# Get Into PC



## Deadpool

What do you guys think about this site? Do you trust it? If not is there any particular test you've performed or is it just "it's not official, it's crap"? In the past I've tried downloading Windows ISOs, generating checksums and comparing it to the original files (not all, just like 2 or 3) and they were never the same. I believe it could be because they tend to install the updates and releasing ISOs as they go, but I'm not sure. I jsut wanted to hear your opinion.


----------



## Geoff

What website?  Computer Forum?


----------



## johnb35

Geoff said:


> What website?  Computer Forum?


Read the title Geoff  

http://getintopc.com/


----------



## Laquer Head

I get an alert this site is not secure!!! haha


----------



## Deadpool

Laquer Head said:


> I get an alert this site is not secure!!! haha



This one or getintopc? You people confused me


----------



## Laquer Head

Deadpool said:


> This one or getintopc? You people confused me


to be fair..you started it..

getintopc gives alert


----------



## beers

Looks like fookin garbage to me.


----------



## johnb35

By the way, did anybody hear that WOT pulled their extension because of false ratings?

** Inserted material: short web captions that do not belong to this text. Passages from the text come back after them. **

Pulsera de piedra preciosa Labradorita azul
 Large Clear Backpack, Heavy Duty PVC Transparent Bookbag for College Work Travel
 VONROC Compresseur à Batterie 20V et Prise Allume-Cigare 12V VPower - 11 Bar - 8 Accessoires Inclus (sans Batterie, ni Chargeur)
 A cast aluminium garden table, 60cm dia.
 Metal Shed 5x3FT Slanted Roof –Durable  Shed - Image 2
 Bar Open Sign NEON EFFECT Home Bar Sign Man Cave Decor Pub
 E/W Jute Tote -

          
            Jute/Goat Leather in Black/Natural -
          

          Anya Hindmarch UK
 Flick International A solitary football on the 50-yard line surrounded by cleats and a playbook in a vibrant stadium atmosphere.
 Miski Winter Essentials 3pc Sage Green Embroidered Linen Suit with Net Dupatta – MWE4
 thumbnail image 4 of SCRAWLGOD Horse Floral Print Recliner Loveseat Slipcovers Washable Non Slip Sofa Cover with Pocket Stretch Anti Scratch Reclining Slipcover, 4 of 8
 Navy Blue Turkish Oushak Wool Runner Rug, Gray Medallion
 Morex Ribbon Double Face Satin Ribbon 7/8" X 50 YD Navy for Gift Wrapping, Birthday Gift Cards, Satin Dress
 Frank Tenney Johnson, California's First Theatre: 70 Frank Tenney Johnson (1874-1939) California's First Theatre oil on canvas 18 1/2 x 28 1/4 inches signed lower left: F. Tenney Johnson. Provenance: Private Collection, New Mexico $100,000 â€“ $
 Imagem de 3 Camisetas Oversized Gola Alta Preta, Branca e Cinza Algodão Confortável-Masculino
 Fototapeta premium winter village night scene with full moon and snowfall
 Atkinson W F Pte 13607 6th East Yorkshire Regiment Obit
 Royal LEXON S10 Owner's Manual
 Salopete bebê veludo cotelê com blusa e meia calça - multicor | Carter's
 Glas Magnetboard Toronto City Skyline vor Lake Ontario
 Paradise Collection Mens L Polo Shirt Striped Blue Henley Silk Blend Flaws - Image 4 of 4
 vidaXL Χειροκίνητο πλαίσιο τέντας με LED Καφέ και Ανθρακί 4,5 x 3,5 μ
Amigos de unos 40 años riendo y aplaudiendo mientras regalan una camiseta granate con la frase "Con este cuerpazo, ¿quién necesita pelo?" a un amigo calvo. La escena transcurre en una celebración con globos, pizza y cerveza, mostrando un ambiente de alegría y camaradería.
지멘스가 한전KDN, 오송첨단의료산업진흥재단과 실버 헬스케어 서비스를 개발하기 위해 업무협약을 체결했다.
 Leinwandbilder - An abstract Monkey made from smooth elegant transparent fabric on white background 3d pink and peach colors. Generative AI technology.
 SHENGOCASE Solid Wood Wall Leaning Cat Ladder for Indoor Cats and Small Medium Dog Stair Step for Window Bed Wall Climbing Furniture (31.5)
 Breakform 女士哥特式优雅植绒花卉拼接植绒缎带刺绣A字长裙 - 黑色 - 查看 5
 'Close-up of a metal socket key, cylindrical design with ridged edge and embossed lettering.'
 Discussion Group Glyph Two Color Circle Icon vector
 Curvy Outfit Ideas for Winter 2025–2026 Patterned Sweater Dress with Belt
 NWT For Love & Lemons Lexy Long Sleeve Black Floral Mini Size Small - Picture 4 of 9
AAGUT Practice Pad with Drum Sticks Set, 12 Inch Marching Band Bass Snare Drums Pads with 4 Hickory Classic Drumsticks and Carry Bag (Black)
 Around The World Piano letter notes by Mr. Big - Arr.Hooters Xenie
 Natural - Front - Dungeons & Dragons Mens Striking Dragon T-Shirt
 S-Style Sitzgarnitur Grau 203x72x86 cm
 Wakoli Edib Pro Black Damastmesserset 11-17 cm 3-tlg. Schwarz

https://www.lifehacker.com.au/2016/...d-from-firefox-chrome-after-privacy-concerns/


----------



## Laquer Head

crazy


----------



## Deadpool

johnb35 said:


> By the way, did anybody hear that WOT pulled their extension because of false ratings?
> 
> https://www.lifehacker.com.au/2016/...d-from-firefox-chrome-after-privacy-concerns/



Well now that you mention it, Spybot detects it as spyware I believe. The threat level is not high but it's there. I actually stopped using it because of that.


----------